CAPHRA Warns Southeast Asia: Avoid Australia’s Failed Vape Policies
The Coalition of Asia Pacific Tobacco Harm Reduction Advocates (CAPHRA) has issued a stark warning to Indonesia, Malaysia, and the Philippines, urging them not to replicate Australia’s restrictive nicotine policies. This warning comes as Southeast Asian nations weigh tougher anti-vaping crackdowns, which advocates argue could inadvertently drive consumers toward thriving black markets while leaving combustible cigarettes widely available.
CAPHRA Executive Coordinator Nancy Loucas emphasized that Australia’s approach has proven counterproductive. “When safer legal options are pushed out, illicit markets move in,” Loucas stated, urging Southeast Asian policymakers to view Australia as a warning rather than a model.

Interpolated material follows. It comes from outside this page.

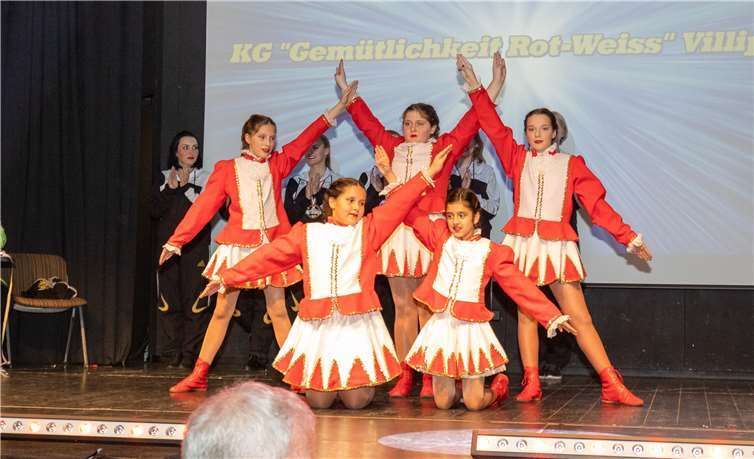 Der Nachwuchs der KG Gemütlichkeit Rot-Weiss zeigte sich von seiner besten Seite.Fotos: CEW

While acknowledging regional challenges like youth uptake and unregulated products, CAPHRA argues these issues require robust enforcement and tighter youth-access controls, not outright bans. Treating all smoke-free products with the same severity as cigarettes ignores the science of tobacco harm reduction.
Clarisse Virgino of CAPHRA Philippines warned that excluding adult consumers from policy debates risks backfiring. If governments over-correct with bans, they protect the cigarette market from competition and empower illicit cartels.
Instead of importing failed prohibitionist models, CAPHRA advocates for a balanced regulatory framework. They suggest Southeast Asian governments focus on:
- Strict age-verification and youth-access controls.
- Rigorous product quality and safety standards.
- Preserving legal, regulated access to lower-risk alternatives for adult smokers trying to quit.
Ultimately, CAPHRA notes that even former World Health Organization (WHO) figures support tobacco harm reduction as a viable public health strategy. “A bad nicotine policy does not end demand,” Loucas warned. “It just hands that demand to illegal markets.”